Having a simple water-based fluid provided very clear observations of drilled oil and mud-gas spikes as fractures were crossed. A gamma-ray sensor was also employed in the h-section, but was less effective in detecting fracture crossings. The mid section of the h-length appeared void of fracture crossings, while the far end accessed multiple fractures as it passed the original well bottom location.

Field Performance & Conclusions

Drilling operations, delayed from the original schedule by capital constraints and lack of rig availability, were conducted from September 12 to November 11, 2004. The planned well time was estimated as 39 days and overall cost as $2.4 million. The actual results are 66 days at a total cost of $3.4 million. Well productivity responses during subsequent flow and swabbing tests were negative. The well failed to inflow and only minor amounts (a few barrels) of light oil were recovered. The lack of production may suggest that actual sustainable reservoir pressure is far less than anticipated. The Operator is currently investigating the costs and operational viability of re-entering the well and conducting an FMI (fracture detection) log and/or an acid/frac stimulation.

Figure #5 above compares the planned and actual well path, figure #6 below provides a time/cost comparison between planned and actual performance.

 

The drilling time sheets indicate that the total “problem time” experienced on the well accounted for only 3.8% of total field operations. This definition of problem time is very subjective. From the authors’ perspective, there was a larger proportion of time lost due to avoidable errors and less than optimal operational decisions made on sight. The delays on the well were primarily due to a combination of:

A – Slower than anticipated penetration rates in both the intermediate and productive hole sections. The merit of PDC bits appeared attractive in this application.

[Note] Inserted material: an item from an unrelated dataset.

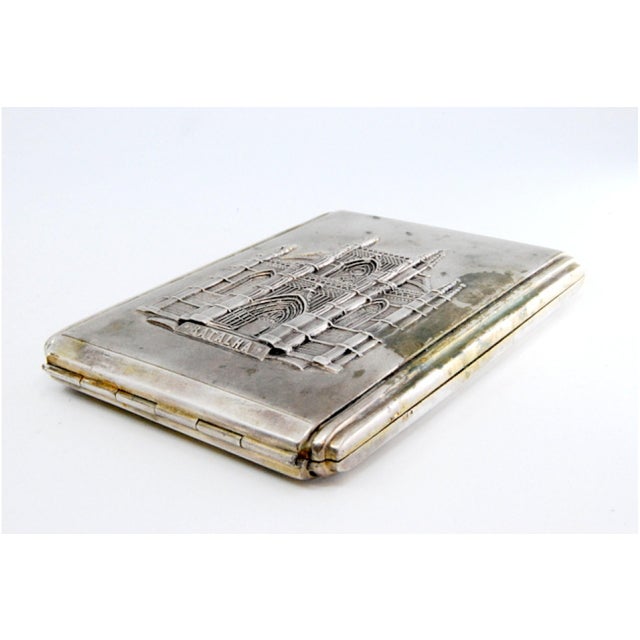 Matte Silver Cigarette Case with Batalha Monastery in High Relief and Gilt Interior For Sale - Image 4 of 9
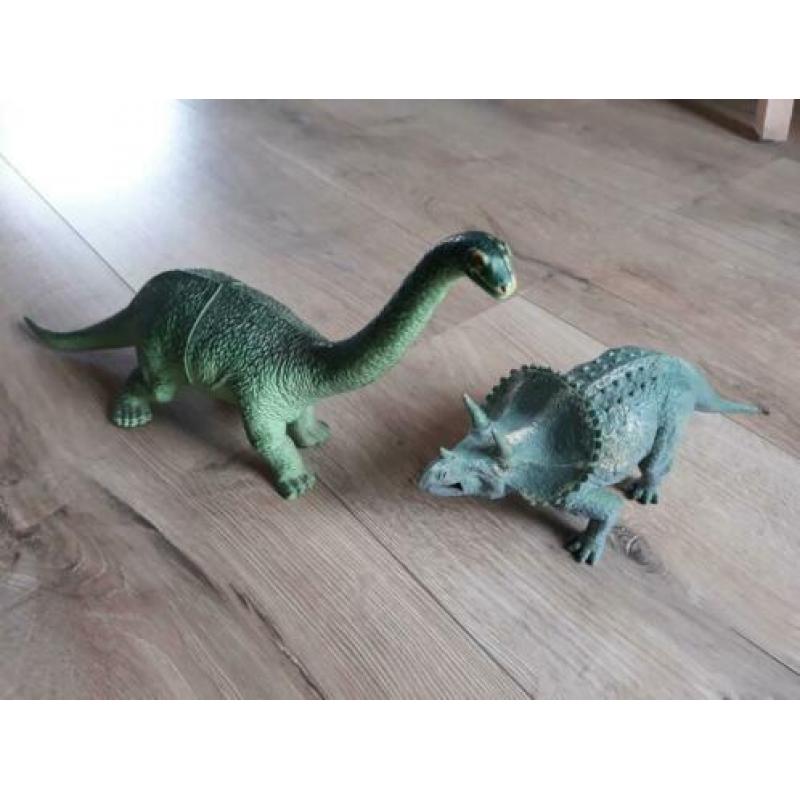 2 mooie dino's / Dinosaurussen / Triceratops & Apathosaurus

This was evidenced by the superior performance gained by this bit type in both the intermediate and productive sections versus conventional rock bits.

B- Slower than expected rig operations with numerous equipment failures, and extended liner and tie-back operations stemming from a failed primary cementing job and a space-out error in slave string placement.

C- Numerous trips for failed motor and MWD assemblies in the productive interval. The bottom-hole pressure expectation of 250-260°F were discussed with the service provider, however, the adequate supply of appropriately designed and serviced motors must be challenged given the frequency of motor/MWD failures experienced (5 motor/MWD failures in the h-section).

Conclusions;

A – Horizontal, MPD applications are viable in these deeper HRM targets. The existence of conductive fractures/micro-fractures and sustainable dual-porosity reservoir pressure may be prerequisites for success.

B – The novel MPD drilling mode merits expanded application in this general setting. This drilling method provided good EWD capability, faster penetration, and minimal formation damage concern.

C – PDC bit application and customization should be more aggressively pursued in deep Monterey drilling projects.

D – Very stringent focus is required to ensure key staff continuity between planning and field operations phases. Properly briefed and adequately relieved field supervision providing 24 hour coverage is a necessity when conducting novel well construction operations. These field supervisors must strive to ensure that an open and effective “team” effort exists, particularly when novel drilling operations or well designs are being employed. With proper procedural planning of novel activities, the team is confident that similarly designed wells could be constructed in 30 days or less, with costs in the order of 50% of that experienced on this well.